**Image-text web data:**

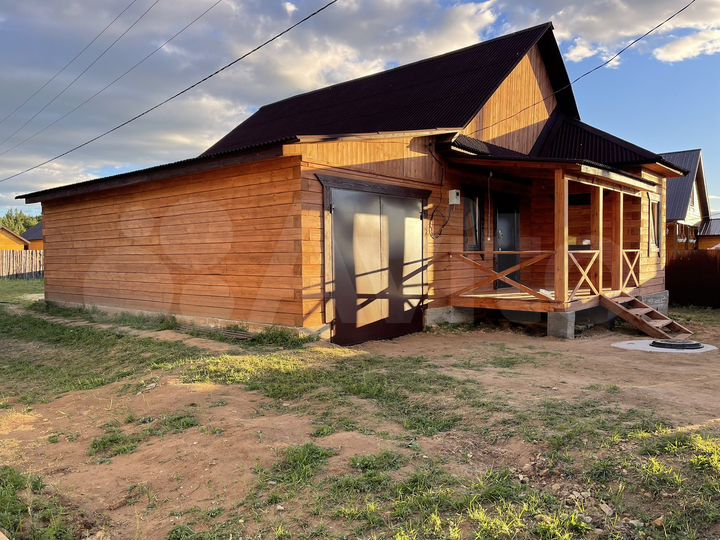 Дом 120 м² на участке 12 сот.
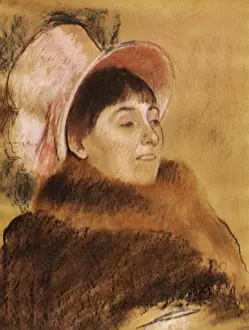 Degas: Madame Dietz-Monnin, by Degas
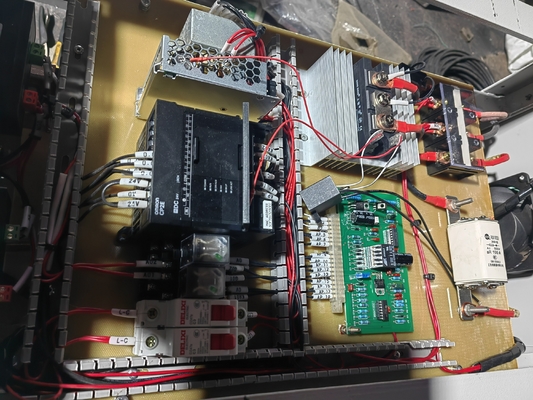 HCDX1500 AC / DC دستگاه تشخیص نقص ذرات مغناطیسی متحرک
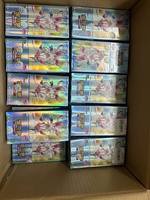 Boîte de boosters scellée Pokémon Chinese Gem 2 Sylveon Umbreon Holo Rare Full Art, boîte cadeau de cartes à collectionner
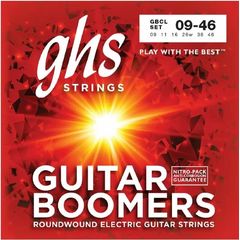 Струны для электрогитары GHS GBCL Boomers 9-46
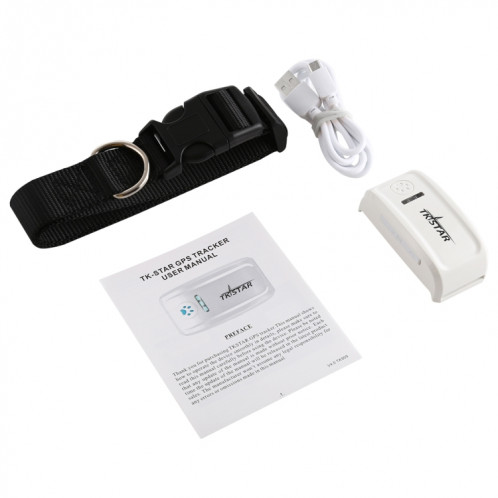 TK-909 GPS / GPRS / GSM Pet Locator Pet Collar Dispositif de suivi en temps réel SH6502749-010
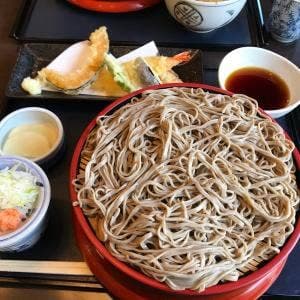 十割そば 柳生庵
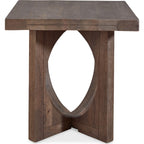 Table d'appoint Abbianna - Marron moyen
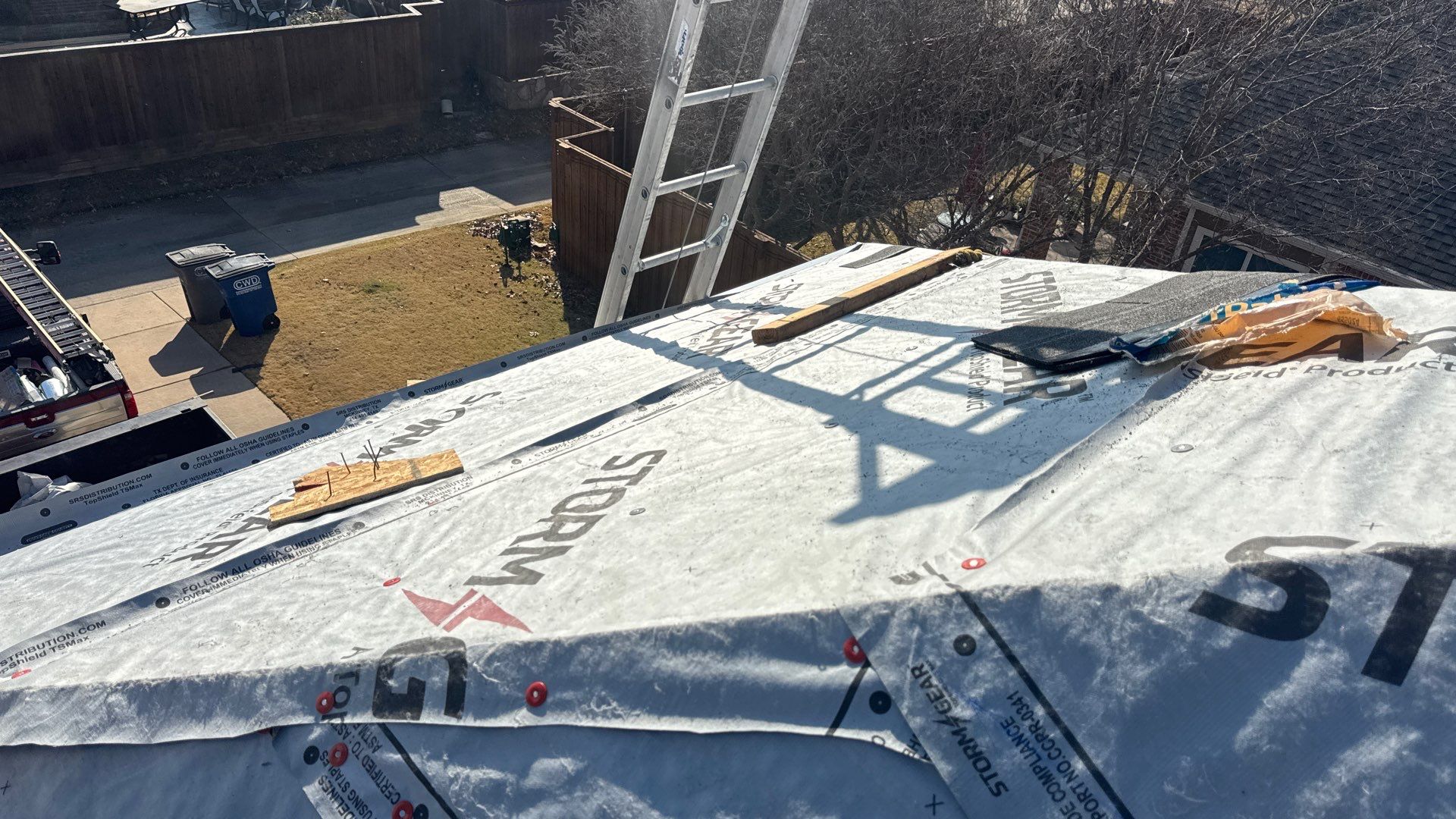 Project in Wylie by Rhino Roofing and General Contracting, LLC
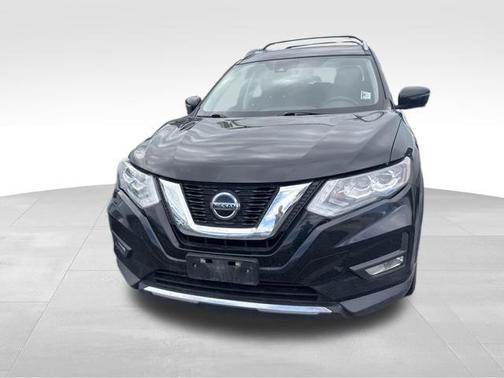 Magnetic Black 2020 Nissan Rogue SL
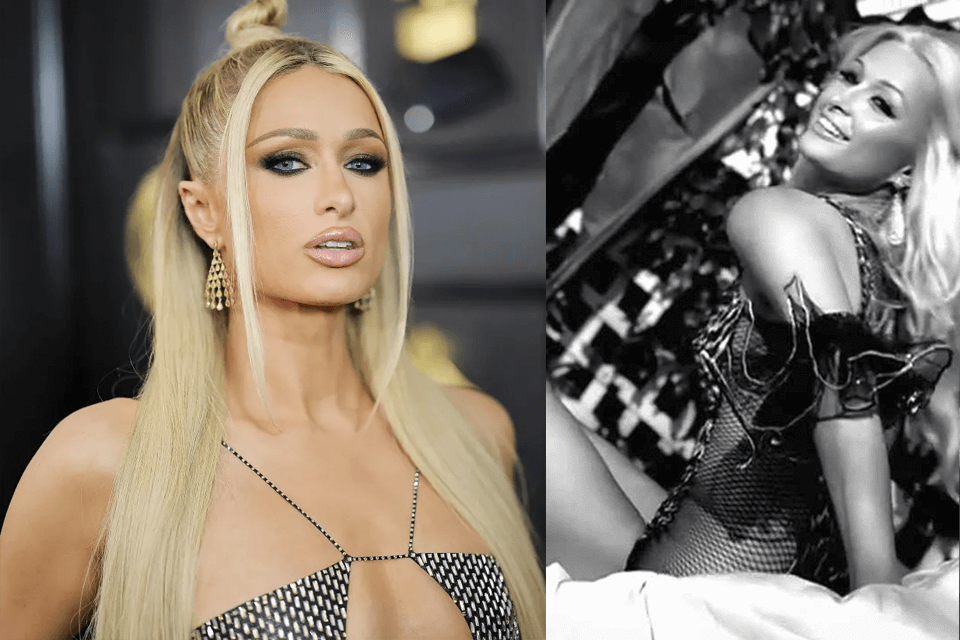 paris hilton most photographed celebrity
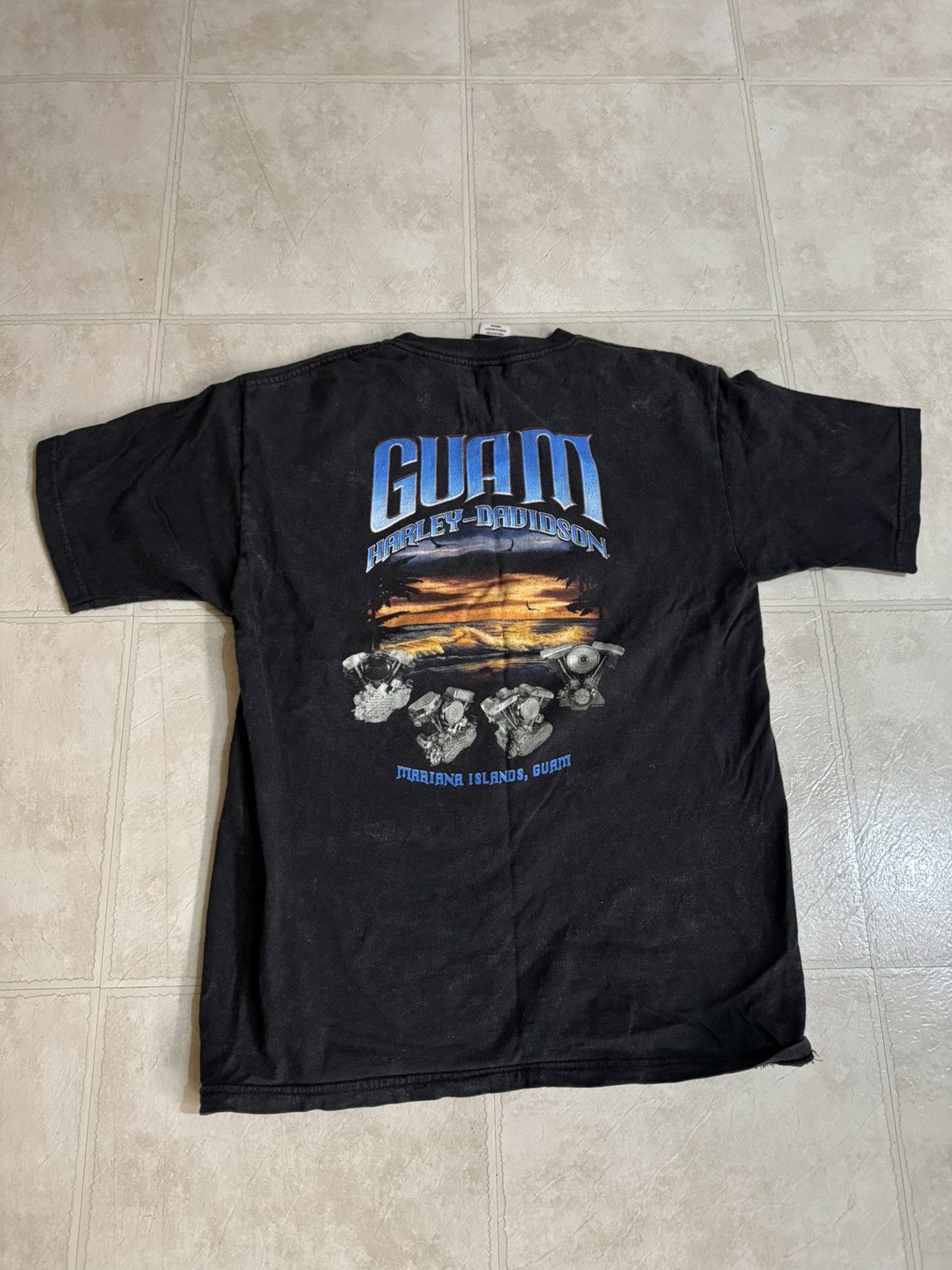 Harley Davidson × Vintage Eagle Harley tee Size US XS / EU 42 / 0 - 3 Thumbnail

**Problem to solve:**
Begin at the line in the entries above that has "HCDX1500 AC /", stop after the line that has "Project in Wylie", and output exactly those lines without pictures.

**Exercise result:**
 HCDX1500 AC / DC دستگاه تشخیص نقص ذرات مغناطیسی متحرک
 Boîte de boosters scellée Pokémon Chinese Gem 2 Sylveon Umbreon Holo Rare Full Art, boîte cadeau de cartes à collectionner
 Струны для электрогитары GHS GBCL Boomers 9-46
 TK-909 GPS / GPRS / GSM Pet Locator Pet Collar Dispositif de suivi en temps réel SH6502749-010
 十割そば 柳生庵
 Table d'appoint Abbianna - Marron moyen
 Project in Wylie by Rhino Roofing and General Contracting, LLC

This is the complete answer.